Quería comentarles que los parlantes para guitarra no tienen nada que ver con los parlantes de aplicación en audio o PA que conocemos. Los mejores parlantes para guitarra tienen una apariencia que, a simple vista, causaría el desprecio de muchos audiófilos, y por lo visto lo causa, según algunos posts que he visto aquí. Hay que tener en cuenta que lo que en audio es una virtud resulta un inconveniente en parlantes para guitarra, y viceversa. Esto es muy trillado, pero es verdadero: en audio se _reproduce_, y en música se _produce_ el sonido. El parlante y el equipo son parte del instrumento con el cual el músico logra su "tono", tienen su propia contribución al mismo. Los guitarristas gastan fortunas en parlantes por los cuales muchos no daríamos ni un centavo.

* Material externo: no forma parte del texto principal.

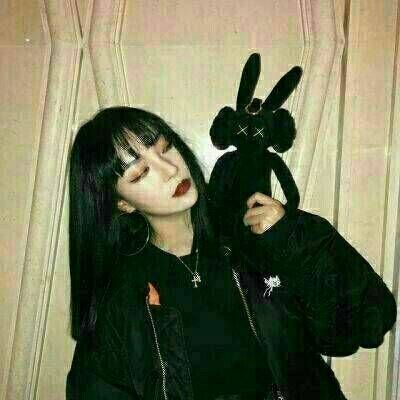 23张高清酷感个性女生头像 个性女孩头像合集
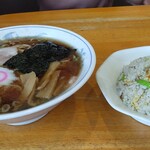 北珍 - 醤油ラーメン・ミニチャーハンセット860円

Y es por el tono que _producen_. El Celestion Vintage 30 es uno de los más buscados para guitarra, vale 200 dolares en Argentina y, si lo colocamos en un baffle para audio, seguro que a los tres segundos lo tiramos por la ventana...
En todo caso convendría asesorarse por un guitarrista más que por un técnico electrónico, dicho con todo respeto. El músico entrena el oído de una manera totalmente distinta, y la electónica aplicada a los instrumentos musicales es un enorme capítulo totalmente aparte del capítulo del audio. Y muy sorprendente.


----------



## ehbressan (Nov 3, 2010)

Hola Jorgefer, en realidad un audiòfilo inteligente no desprecirìa estos parlantes, ya que si bien, no son los mas adecuados para escuchar mùsica, es por ahì por donde sale la creaciòn del mùsico, que despuès, con varias distorsiones metidas en el medio, ellos escucharàn en sus sistemas Hi Fi. Serìa inteligente de parte del audiòfilo, guardar el debido respeto a estos parlantes Low Fi, sin los cuales un Jimmy Hendrix, un Eric Clapton, un Jimmy Page y tantos otros, no sonarìan como suenan y no nos deleitarian como seguramente lo hacen.
Sds.


----------



## Agucasta (Nov 3, 2010)

Bueno, muchas gracias, la verdad, creía que eran un poco más baratos.. Este que me quisieron vender, tenía un orificio en el cono hecho con un destornillador, y tenía una cinta pegada arriba. Me dijo que iba a andar bien, pero sin embargo el lo había cambiado por uno sano (debe ser por algo, no?) y me pedía 250 pesos. Ni loco lo compré así roto. Como tengo poco presupuesto compré un parlante Spectrun, de rango completo, cono de carton y suspensión de cartón/tela, fabricado en Argentina. 12", 150W, 8 ohm. Averigüé, y según la calidad/precio, me pareció una buena opción. Tiene una buena terminación estética, que si bien no quiere decir nada, a mi parecer, ver un parlante que coinciden todas las partes pegadas, me gusta más que uno de 20 u$s que se vé a simple vista el pegamento del cono en la "araña". Bueno, con respecto al "Spectrun" (segunda marca de EMAVE, según el vendedor) lo probamos en un amplificador de guitarra que tienen en el local, de 50 watt transistorizado, pero primero le pedí que pruebe un Celestion (hermoso-carísimo), Luego un "jahro" (también nacional) y por último el que finalmente compré a 120 pesos. (unos 40 u$s) Bueno. El primero, sencillamente no tenía defectos. El sonido era simplemente extraordinario, los armónicos practicamente sonaban solos. (500 pesos, 130 u$s). El Segundo, me gustó bastante. Sólo que tenía un aspecto medio raro. El imán era gigante. El doble que el del Celestion (éste era el más chico de los 3) y el sonido que producía era un tanto "grave". (sin tocar el control de tonos. (250 pesos, 80 u$s) y por último, el Spectrun, que no le daba ni 2 pesos, anduvo bárbaro. Tiene un poco menos de "delicadeza" que los otros 2, y suena más despacio que los otros, pero anda lindo. (cabe alcarar que soy primer guitarrista de una banda de rock, y lo que hago es practicamente puntear durante todo el tema). También había parlantes "woofer de rango extendido" a 20 dólares. de 12", 300 watt (no sé qué watts son esos jaja) y todo lo demás. Pero tenían la suspensión de goma, así que ni los probamos.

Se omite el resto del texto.